# Intermediate Python
Run the hidden code cell below to import the data used in this course.

In [14]:
# Import the course packages
import numpy as np
import pandas as pd
import matplotlib.pyplot as plt

# Import the two datasets
gapminder = pd.read_csv("datasets/gapminder.csv")
brics = pd.read_csv("datasets/brics.csv")

## Dictionaries

In [13]:
# Typical Dictionary Format
# Countries here are the keys, and correspond to a value
world = {'afghanistan':'1.33', 'russia':'2.83'}
print(world['afghanistan'])
# The below method returns all the keys in a dictionary
print(world.keys())

# Adding elements in a dictionary.
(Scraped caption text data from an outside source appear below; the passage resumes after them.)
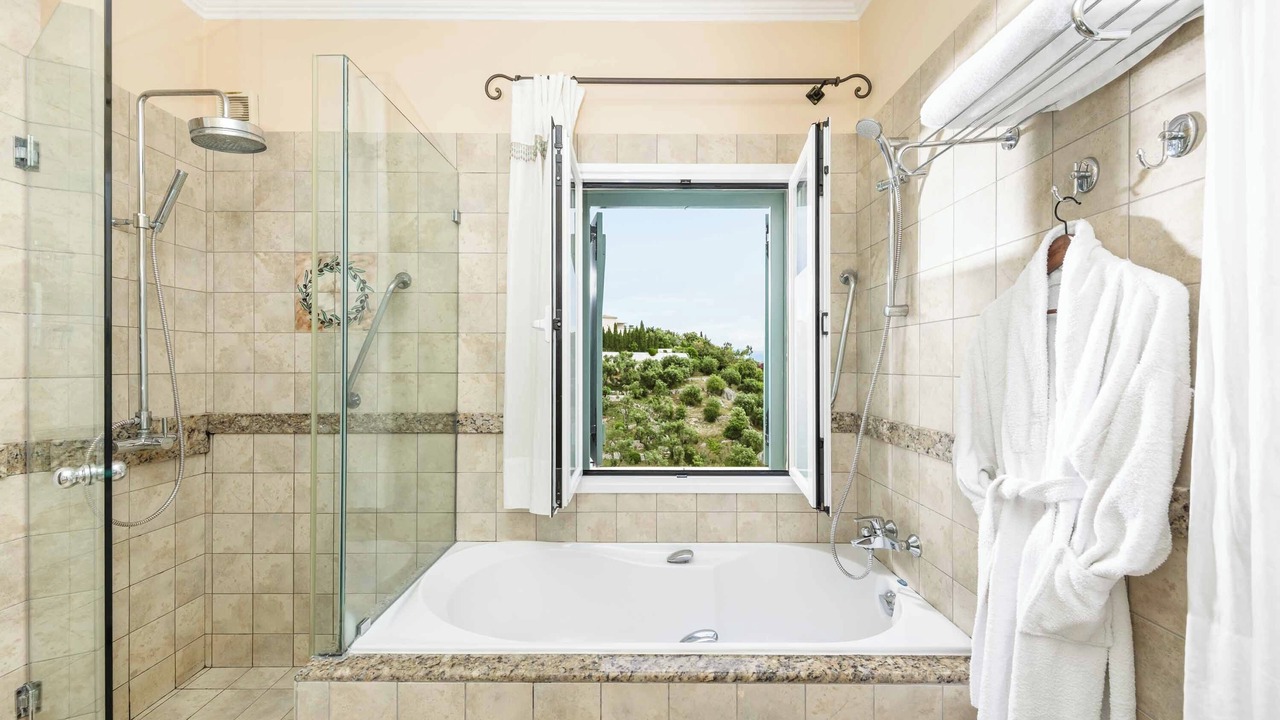 Photo of Bathroom in Gimari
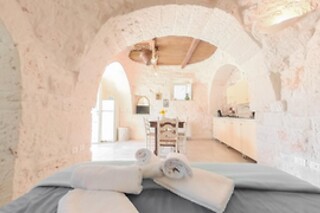 Soggiorno insolito di due notti in Trullo presso Trulli Beauty in provincia di Taranto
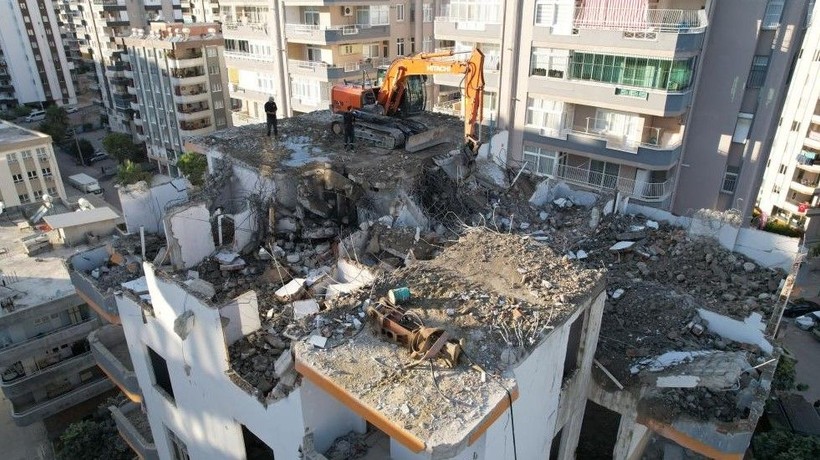 Adana'da ağır hasarlı binanın kolonundan menemen tepsisi çıktı - Resim: 1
You will also use this pattern to update a present value in dictionary
world['sealand'] = 0.00027

# Checking for a key in dictionary
'sealand' in world # will return True

#Removing element in dictionary
del(world['sealand'])

world

1.33
dict_keys(['afghanistan', 'russia'])


{'afghanistan': '1.33', 'russia': '2.83'}

In [None]:
# Filtering with Boolean Operators
np.logical_and(brics['area']>8, brics['area']<10)
# This will return Boolean values that can be used to subset brics DataFrame
brics[np.logical_and(brics['area']>8, brics['area']<10)]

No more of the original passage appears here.